Distribuição das válvulas da veia safena magna e sua importância prática

Isabella Batista Martins PortugalI; Igor de Lima RibeiroI; Célio Fernando de Sousa-RodriguesII; Rodrigo Freitas Monte-BispoIII; Amauri Clemente da RochaIII

DOI: 10.5935/1678-9741.20140038

ABREVIAÇÕES E ACRÔNIMOS

CPB: Cardiopulmonary bypass

DM: Mean diameter

GSV: Great Saphenous Vein

LCS: Left coronary system

LITA: Left internal thoracic artery

MAA: Without ascending aorta

UNCISAL: State University of Health Sciences of Alagoas

INTRODUCTION

Among the materials used for revascularization, the veins can be used in various parts of the body. Among them, the great saphenous vein (GSV) is the first choice. Its use as an implant during coronary artery bypass surgery and lack of being affected by varicose disease has aroused the interest of researchers. This vessel remains an essential component in strategies for coronary artery bypass grafting in humans. The vessel is used alone or in combination with arterial grafts and has the advantage of being available autologous vascular tissue in most patients in need of such surgeries[1]. Its use in composite graft with the left internal thoracic artery (LITA) could allow complete revascularization of the left coronary system (LCS) without a cardiopulmonary bypass (CPB) and without ascending aorta (MAA) in order to reduce some risks and complications in the immediate postoperative period. The autologous saphenous vein also remains a nearly ideal prosthetic element be low the inguinal ligament. That, depending on the outcome of patients in the progression of atherosclerotic disease especially in the revascularization of the tibia arteries, because they tolerate more flow limit[2].

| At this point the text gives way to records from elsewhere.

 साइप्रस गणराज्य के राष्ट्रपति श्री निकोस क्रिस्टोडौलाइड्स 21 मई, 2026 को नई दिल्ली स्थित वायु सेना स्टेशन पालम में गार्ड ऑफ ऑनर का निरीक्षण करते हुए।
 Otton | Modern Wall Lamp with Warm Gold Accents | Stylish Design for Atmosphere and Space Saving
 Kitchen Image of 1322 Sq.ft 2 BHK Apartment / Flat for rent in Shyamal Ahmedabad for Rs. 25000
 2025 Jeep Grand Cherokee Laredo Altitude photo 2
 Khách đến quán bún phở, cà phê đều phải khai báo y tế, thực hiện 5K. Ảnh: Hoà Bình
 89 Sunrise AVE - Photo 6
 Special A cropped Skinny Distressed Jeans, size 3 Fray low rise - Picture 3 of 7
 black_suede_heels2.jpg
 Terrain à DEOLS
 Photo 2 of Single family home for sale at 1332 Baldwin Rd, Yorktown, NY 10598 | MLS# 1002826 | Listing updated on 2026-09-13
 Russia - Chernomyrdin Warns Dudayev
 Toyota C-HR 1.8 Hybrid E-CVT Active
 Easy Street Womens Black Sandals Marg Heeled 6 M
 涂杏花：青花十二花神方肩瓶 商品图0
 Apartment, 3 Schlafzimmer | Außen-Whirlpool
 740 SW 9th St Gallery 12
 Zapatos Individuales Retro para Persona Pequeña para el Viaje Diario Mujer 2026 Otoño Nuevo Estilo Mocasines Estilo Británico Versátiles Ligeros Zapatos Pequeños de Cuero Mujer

Knowledge of the presence and location of valves is of great importance when assessing the surgical anatomy of the GSV. Generally, the valves are located along the vein and immediately below the mouth of major tributaries. Almost always, one or two valves are present in its termination or mouth. The GSV has often an ostial or ostial valve and a subostial valve. Knowledge of the presence of these valves makes us better understand the pathophysiology of trunk varicose veins of the GSV, since insufficient ostia valves can cause the appearance of these anomalies[3]. Another important role of valves, the saphenofemoral junction, for example, is to prevent the flow of popliteal[4], or femoral veins.

This vein begins above the medial malleolus, ascends obliquely, and passes postero - medially to the medial condyle of the tibia and femur and along the medial aspect of the thigh through the saphenous gap[5]. It has numerous valves that are irregularly distributed throughout its length[6]. The GSV has 10 to 12 valves, which are more numerous than the leg at the thigh. These valves are usually located just below the veins sections[7]. The blood drained by the venous system of the lower limbs flows back to the heart through the thick veins and is maintained by unidirectional valves, usually bicuspid, which close as its contents move toward the center vein[8].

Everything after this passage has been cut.